Please return only the lines from the one with "Hammered chain Y Necklace" through the final line of the data, unchanged, with pictures omitted.
── Dataset extract
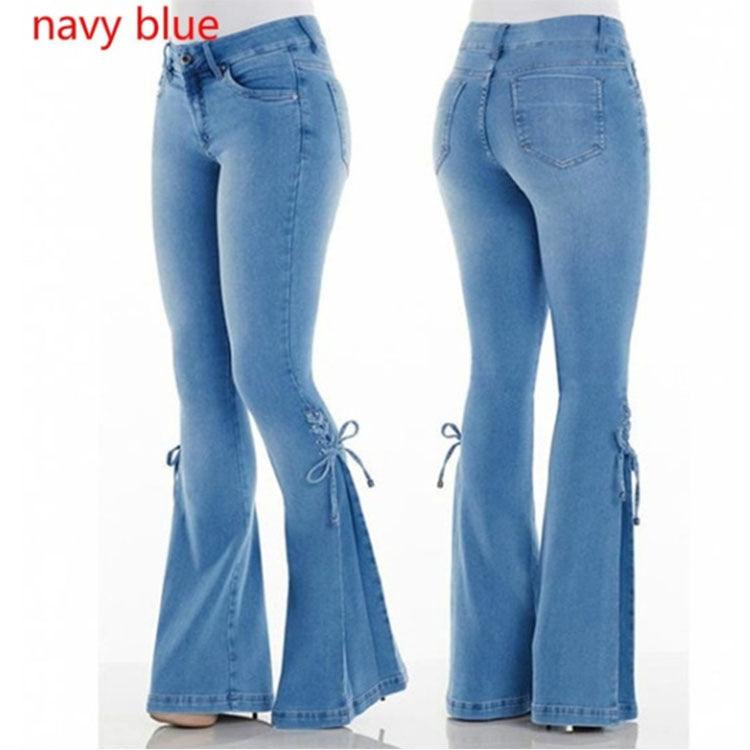 Ladies jeans mid-waisted denim trousers stretch jeans-THAT FASHION STORE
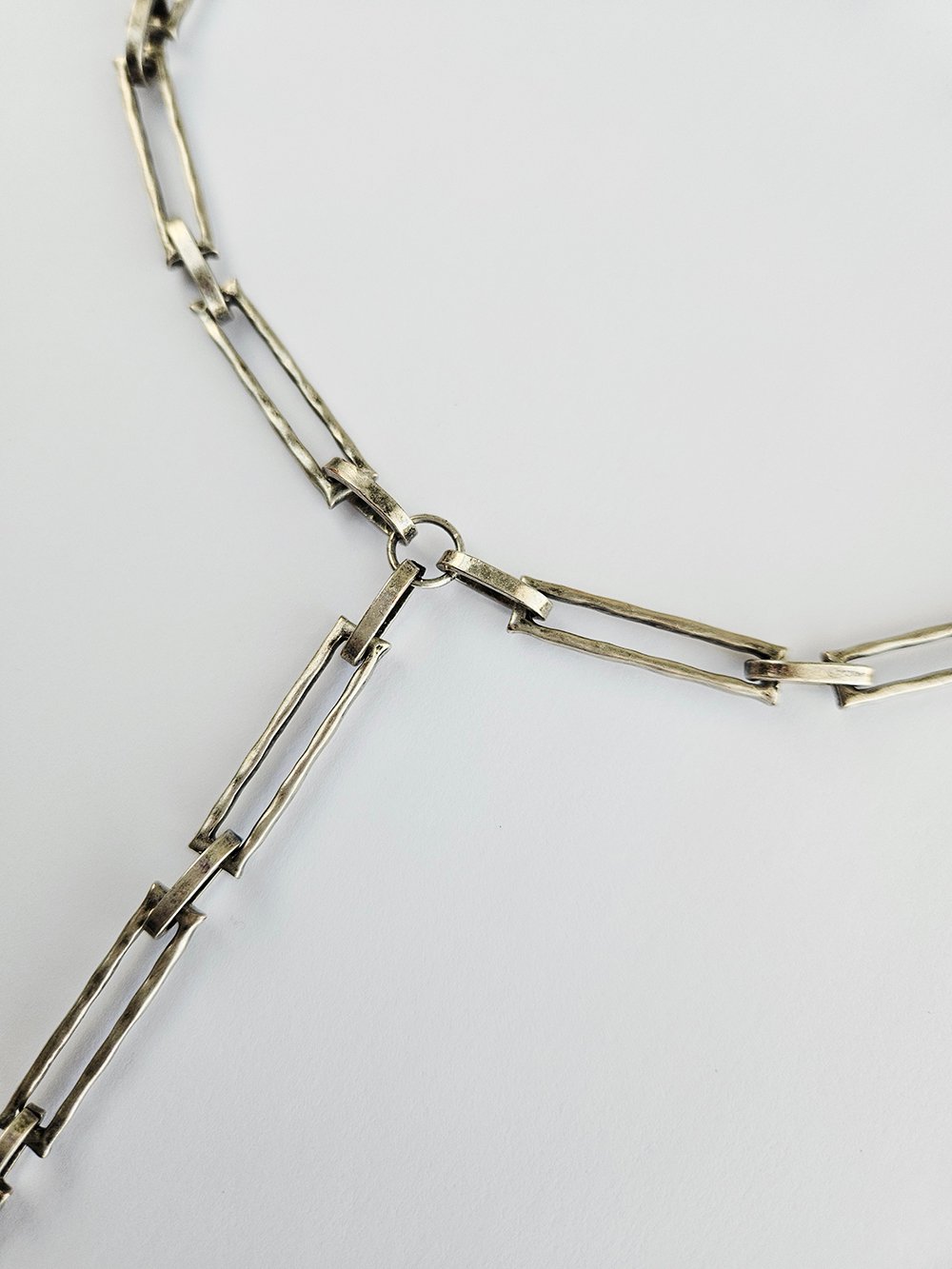 Hammered chain Y Necklace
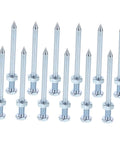 12Pcs Heavy Duty Lawn Aerator Shoes With Deep Penetration Spikes Soil Loosening Tool For Grass Aeration And Compaction Relief Garden And Patio Ideal For Home Lawns And Professional Landscape Projects Easy Install, showing 12 metal spikes with nuts for lawn aerator shoes.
────
Task output ::
 Hammered chain Y Necklace
 12Pcs Heavy Duty Lawn Aerator Shoes With Deep Penetration Spikes Soil Loosening Tool For Grass Aeration And Compaction Relief Garden And Patio Ideal For Home Lawns And Professional Landscape Projects Easy Install, showing 12 metal spikes with nuts for lawn aerator shoes.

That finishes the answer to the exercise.